How important are choice of model selection method and spatial autocorrelation of presence data for distribution modelling by MaxEnt?
Introduction
Over the last 15 years distribution modelling (DM) has become established as a discipline on its own within ecology and biogeography (Guisan and Zimmermann, 2000, Austin, 2007, Franklin, 2009, Peterson et al., 2011). A wide spectre of statistical methods and software implementations have been developed for DM (Guisan and Zimmermann, 2000, Elith et al., 2006, Franklin, 2009), among which maximum entropy (MaxEnt) modelling by the free, user-friendly Maxent.jar software (Phillips et al., 2004, Phillips et al., 2006, Phillips, 2011) is currently among the most popular (Yackulic et al., 2013, Merow et al., 2013).

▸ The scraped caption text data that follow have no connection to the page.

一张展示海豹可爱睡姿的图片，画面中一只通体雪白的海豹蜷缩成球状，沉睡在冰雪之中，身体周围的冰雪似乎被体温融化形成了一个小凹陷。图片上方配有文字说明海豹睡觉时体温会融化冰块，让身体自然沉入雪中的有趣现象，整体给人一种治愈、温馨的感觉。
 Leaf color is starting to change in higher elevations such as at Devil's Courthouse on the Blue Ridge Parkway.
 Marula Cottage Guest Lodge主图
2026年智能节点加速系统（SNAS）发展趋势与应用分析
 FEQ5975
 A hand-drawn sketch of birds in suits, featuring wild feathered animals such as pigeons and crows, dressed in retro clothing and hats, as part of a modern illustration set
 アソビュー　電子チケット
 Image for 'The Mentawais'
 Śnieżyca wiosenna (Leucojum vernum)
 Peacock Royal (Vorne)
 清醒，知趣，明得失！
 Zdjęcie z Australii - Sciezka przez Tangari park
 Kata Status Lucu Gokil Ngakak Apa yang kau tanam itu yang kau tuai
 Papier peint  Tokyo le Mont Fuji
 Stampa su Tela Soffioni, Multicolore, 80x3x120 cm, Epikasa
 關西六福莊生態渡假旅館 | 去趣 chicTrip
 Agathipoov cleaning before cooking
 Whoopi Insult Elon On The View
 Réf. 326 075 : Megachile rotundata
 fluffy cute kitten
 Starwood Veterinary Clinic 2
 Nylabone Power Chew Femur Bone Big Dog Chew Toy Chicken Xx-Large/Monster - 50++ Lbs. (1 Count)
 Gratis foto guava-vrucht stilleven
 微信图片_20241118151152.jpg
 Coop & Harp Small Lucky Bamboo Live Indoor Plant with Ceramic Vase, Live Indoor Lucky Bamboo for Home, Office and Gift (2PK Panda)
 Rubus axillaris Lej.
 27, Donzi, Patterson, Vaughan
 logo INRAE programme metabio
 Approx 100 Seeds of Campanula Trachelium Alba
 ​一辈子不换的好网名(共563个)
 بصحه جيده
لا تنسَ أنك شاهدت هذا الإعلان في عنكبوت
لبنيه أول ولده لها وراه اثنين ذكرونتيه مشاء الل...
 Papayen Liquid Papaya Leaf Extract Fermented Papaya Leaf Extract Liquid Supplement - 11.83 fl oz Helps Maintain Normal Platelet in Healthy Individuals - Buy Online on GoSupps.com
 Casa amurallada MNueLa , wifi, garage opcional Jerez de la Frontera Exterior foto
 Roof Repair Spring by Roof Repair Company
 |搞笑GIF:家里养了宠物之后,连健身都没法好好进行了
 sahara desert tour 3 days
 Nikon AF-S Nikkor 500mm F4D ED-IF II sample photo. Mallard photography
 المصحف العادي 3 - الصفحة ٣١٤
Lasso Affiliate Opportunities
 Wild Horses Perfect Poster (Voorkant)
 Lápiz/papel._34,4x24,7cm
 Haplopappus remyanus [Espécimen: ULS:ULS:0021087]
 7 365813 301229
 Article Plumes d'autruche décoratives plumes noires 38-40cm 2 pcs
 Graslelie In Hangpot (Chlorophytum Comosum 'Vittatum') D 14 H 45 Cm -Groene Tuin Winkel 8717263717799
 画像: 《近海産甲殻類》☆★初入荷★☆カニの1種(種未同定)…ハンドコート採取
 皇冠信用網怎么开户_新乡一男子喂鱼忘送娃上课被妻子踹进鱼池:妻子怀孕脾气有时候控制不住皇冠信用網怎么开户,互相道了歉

MaxEnt's popularity rests on consistent ranking among the best methods in comparative studies (Elith et al., 2006, Hernandez et al., 2006, Phillips et al., 2006, Wisz et al., 2008, Mateo et al., 2010, Aguirre-Gutiérrez et al., 2013). Nevertheless, concern has been expressed for MaxEnt's susceptibility to spatial autocorrelation in the response variable, i.e., a sampling procedure giving rise to unequal inclusion probabilities because of patchy distribution of presence observations (Veloz, 2009, Anderson and Gonzalez, 2011, Merckx et al., 2011). How spatial autocorrelation affects the performance of distribution models is, however, still not well known or understood (Dormann et al., 2007, Santika and Hutchinson, 2009, Crase et al., 2012). Furthermore, concern has been expressed for MaxEnt's tendency to overfit models to the data (Raes and ter Steege, 2007, Merckx et al., 2011, Halvorsen, 2013, Halvorsen et al., 2015); a model is commonly regarded as overfitted to the data when a simpler model with better predictive performance exists (Guisan and Thuiller, 2005, Merckx et al., 2011). However, the degree of overfitting is dependent on DM purpose (Jiménez-Valverde et al., 2008, Stokland et al., 2011, Halvorsen, 2012). In this context it is neccessary to distinguish between spatial prediction modelling (SPM – optimising the fit between model predictions and the true distribution of the modelled target's performance) and ecological response modelling (ERM – finding and understanding general patterns in the overall ecological response of the modelled target to supplied explanatory variables). Halvorsen (2012) defined three types of overfitting: Type I, that a more complex model has lower predictive performance on independent data than a simpler model; Type II, that a more complex model does not have significantly better predictive performance on independent data than a simpler model; and Type III, that a more complex model with higher predictive performance on independent data than a simpler model fails to fit realistic overall ecological response curves. Type III is relevant for ERM purposes only while Types I and II apply to models in general.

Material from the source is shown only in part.